Psych 470

Week 12 Cont'd

Schools and Transitions: Using Organizational and Developmental Frameworks for Examining the Effects of Schools

Is there something wrong when we consistently find that student achievement and engagement (across all gender, ethnic, and social class groups) decreases at the time of entry into secondary education (middle school and high school)?

One explanation is related to developmental issues (puberty, social development, personality characteristics).

Another explanation involves the roles of schools (teachers, classrooms, school structure).

How can both of these explanations be "correct"?

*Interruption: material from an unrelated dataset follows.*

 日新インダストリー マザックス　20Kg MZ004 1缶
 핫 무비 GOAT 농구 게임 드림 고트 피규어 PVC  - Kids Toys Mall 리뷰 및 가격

Overall, examinations of school effects have focused on factors at the:

  1. Individual (micro) Level
  1. intrapersonal characteristics
  1. motivation and self-efficacy
  2. educational attitudes and beliefs
  1. Focusing only on intrapersonal factors often leads to individual targeted solutions and/or individual blaming for educational underachievement

1. Example: Academic Beliefs Systems Model and Ethnic Minorities

  1. Gender and Math/Science
  1. Interpersonal Level - Classroom Processes (see Duffy and Wong Chapter 8)
  1. teacher student- interactions and individual peer interactions
  2. contact theory
  3. self-fulfilling prophecy
  1. School (macro) Level
  1. school structure
  1. school size

- Is it possible to have too few students?

 

  1. A Person-Environment Transactional Approach to Examining School Effects
  1. Alienation in schools
  1. School context is distinctive in that engagement in present activities linked to future outcomes. When discrepancies are sensed between school tracks and pathways to adult success, commitment to school may lessen.
  2. Concept of alienation originally employed by Marx to capture sense of social separation between the worker and his/her work, leaving work devoid of meaning and purpose. Later writers linked issues of alienation and marginalization, loneliness, distrust, estrangement.
  3. Seeman identified 5 basic meanings of alienation: 1) powerlessness – inability to influence events; 2) meaninglessness – the sense of being unclear as to what one ought to believe in order to act intelligently; 3) normlessness – social norms broken down and no longer able to regulate behavior, 4) social isolation- sense of being apart from goals and beliefs; 5) self-estrangement- loss of intrinsic meaning in one’s work, absence of pride/commitment in daily activity.
  4. This is seen as more likely for adolescents now because youth access to workplace is increasingly delayed. The outcome or end product – working and producing – are less accessible.
  5. Difficulty in finding meaning in school tasks can lead to detachment-dropout. Experience of failure, isolation from desired group also can contribute to weakening of attachment. Finn (1989) participation-identification model; Rutter’s (1986) work suggests role of schools themselves – social processed, disciplinary style, depersonalization. Kulka (1982; Kagan, 1990) suggest classroom culture plays role – attitudes toward school and participation.
  1. Developmental changes and school transitions
  1. When looking at secondary schools and their impact on students, issues of social ecological characteristics of the secondary school, including population size, composition, and social climate, have been topics of recent concern.
  2. For young adolescents, problems of transition especially important. There is evidence of decline in school achievement and participation following the move into secondary school (Eccles & Midgley, 1989; Simmons & Blythe, 1987).
  3. Environmental discontinuity seen as issue- high schools are apart from primary school environment, larger, more complex organization, teaching dispersed.
  4. Some research demonstrates the impact of school transitions for early and late adolescents. Simmons and Blythe (1987) compared students in different school system structures (traditional elementary-junior high-high school versus K-8).
  5. Early transition related to greater negative change, especially among females.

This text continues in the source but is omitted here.